Speaker:  Zeguan Wang (Boyden Lab) 

Title: Towards whole-brain, cellular-resolution imaging and manipulation of neural voltage in larval zebrafish

Abstract: Recording the neural voltage activity of an entire vertebrate brain at cellular and millisecond resolution will have a transformative impact on systems neuroscience. Despite progress in fluorescent voltage indicators, existing optical methods remain limited in speed, resolution, field of view, or signal quality to meet this challenge. We addressed the challenge by developing a novel remote-scanning light-sheet microscope, that enables imaging the neural voltage of neurons distributed throughout the entire larval zebrafish brain at 200 Hz. We observed that neurons firing at different times during a milliseconds-scale sequence were located at different brain locations, for sequences elicited by a visual stimulus, which mapped onto locations throughout the optic tectum, as well as during stimulus-independent bursts, which mapped onto locations in the cerebellum and medulla. Next, we will improve the microscope to capture >80% of all neurons, and pair it with two-photon holographic optogenetics to enable simultaneous imaging and manipulation of neural voltage across the entire brain. We will then apply the new platform to study neural mechanisms underlying learning in larval zebrafish.

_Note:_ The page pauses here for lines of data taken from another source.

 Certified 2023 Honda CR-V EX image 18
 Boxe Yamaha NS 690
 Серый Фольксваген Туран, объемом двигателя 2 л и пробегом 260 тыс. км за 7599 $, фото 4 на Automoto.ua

Speaker: Liu Yang (Choi Lab)

Title: IL-1R-positive dorsal raphe neurons drive self-imposed social withdrawal in sickness

Abstract: Sick animals exhibit behavioral changes that extend beyond physiological symptoms, such as appetite loss and hypoactivity, and include a decline in social interactions. While social isolation during sickness has been recognized to have the evolutionary benefits of staving off disease spread, the molecular and neural mechanisms underlying this response remain unclear. Cytokines—immune-derived signaling molecules—have emerged as neuromodulators impacting brain function during inflammation. Through behavioral screening, we identified a unique role for the cytokine interleukin-1β (IL-1β) in promoting social withdrawal during sickness. IL-1β directly modulates the activity of IL-1R1-expressing neurons in the dorsal raphe nucleus (DRN) (IL-1R1DRN). Activation of these neurons is sufficient to elicit social withdrawal, while their inhibition or genetic deletion of IL-1R1 rescues self-imposed social isolation during systemic inflammation. Our findings reveal a neural mechanism that actively promotes social disengagement in sick animals, highlighting the role of IL-1R1DRN neurons in driving these behavioral adaptations.